Inclusive leadership—today’s most pressing business imperative
What makes a good leader? While answers to this question will vary depending on who is asking and who is answering the question, often times we will find articles and think pieces which include a list of similar “leadership” qualities—self-motivated, risk-taker, innovator, performs well under pressure, strategic thinker, and so on. But how often do we describe effective leaders as empathic, curious, advocates for social justice, equitable, accountable, or knowledgeable on topics of diversity, equity, and inclusion? And why is it that we don’t often consider these as necessary qualities for today’s most competitive business leaders?
Inclusive leadership—not just for nonprofit leaders
Often times, many inclusive leadership skills are considered as “soft skills” which are only necessary for those working in the nonprofit sector and for professionals in roles related to corporate social responsibility and Diversity, Equity, and Inclusion. This is a disadvantageous assumption. More and more organizations are beginning to recognize the importance of inclusive leadership and are fostering skills that allow leaders to address diversity, equity, and inclusion challenges faced by their organizations. It is imperative for today’s leaders to be responsive to increased demands for racial equity. As leaders think about Diversity, Equity, and Inclusion, they must understand how their organizations both impact and are influenced by social systems. Only with a firm grasp of this context can leaders make decisions that enable their organizations, and the broader city, to thrive.
The Harvard Business Review recently noted that, “Inclusive leadership is a critical capability to leverage diverse thinking in a workforce with increasingly diverse markets, customers, and talent. We have previously observed that only one in three leaders holds an accurate view about their inclusive leadership capabilities. A third believe they are more inclusive than they are actually perceived by those around them to be, while a third lack confidence in their inclusive leadership capability and so do less than they could to actively guide others and challenge the status quo.”
While Forbes highlights the importance of inclusive leadership by defining it as “listening to and understanding the needs of the broadest group of people in order to create the broadest, most engaged group of followers.”
Investing in your employee’s inclusive leadership skills means investing in your company’s success
There are several benefits to sponsoring employee participation in cohort-based inclusive leadership programs, such as YW Boston’s LeadBoston, including
- Being able to respond to changing market and city demographics
- Becoming better equipped with skills needed to advance diversity, equity, and inclusion in their organization
- Strengthening the ability to understand stakeholders’ needs, solve challenging problems, and make better business decisions
- Broadening organizational access to key leaders, institutions, and professional contacts via the powerful LeadBoston network
- Rewarding high-potential employees and preparing them for greater leadership responsibilities
- Increasing employee engagement and loyalty.
In fact, research conducted by the Harvard Business Review shows that inclusiveness directly enhances performance.
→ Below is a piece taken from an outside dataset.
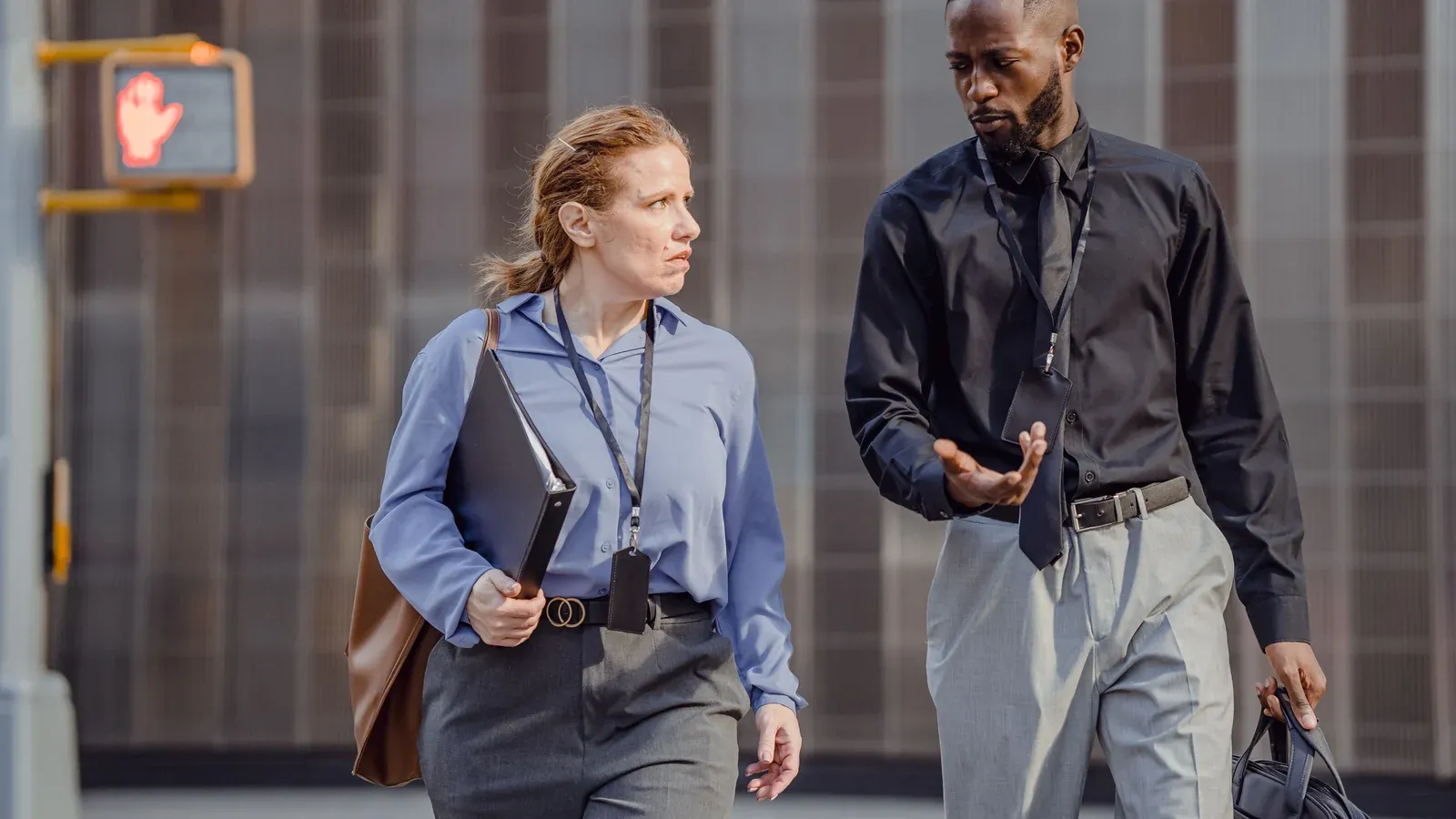 Two colleagues in business attire talk as they walk past a modern office building. Both carry work bags and wear conference lanyards.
Teams with inclusive leaders are
- 17% more likely to report that they are high performing
- 20% more likely to say they make high-quality decisions
- 29% more likely to report behaving collaboratively
- And report that a 10% improvement in perceptions of inclusion increases work attendance by almost 1 day a year per employee, reducing the cost of absenteeism.
What do LeadBoston participants say?
“LeadBoston is the ideal opportunity for development and connection with the Boston community that most professionals aren’t able to receive.”
Gary Morton, LeadBoston Class of 2010
Director, Give with Liberty Program, Liberty Mutual Insurance
“We increasingly understand as leaders that we have to take perspectives of all of the people that we are connected to into account. That sounds easy to do, but LeadBoston trains you to do that. I think to be an effective leader of an organization in today’s environment, you better be thinking about equity and inclusion because if you’re not, you are going to be left in the dust. The members and lawyers who go through the LeadBoston program come back to the firm with a much better perspective, not only on the city, but on how to operate within the firm. And that’s only going to be good for [the firm].”
Kevin McCall, LeadBoston Class of 1994
President & CEO of Paradigm Properties and Founder of Building Impact
It is imperative for today’s leaders to be responsive to increased demands for racial equity. As leaders think about diversity, equity, and inclusion, they must understand how their organizations both impact and are influenced by systems. Only with a firm grasp of this context can leaders make decisions that enable their organizations, and the broader city, to thrive.
Is your organization ready to empower more inclusive leaders and join LeadBoston?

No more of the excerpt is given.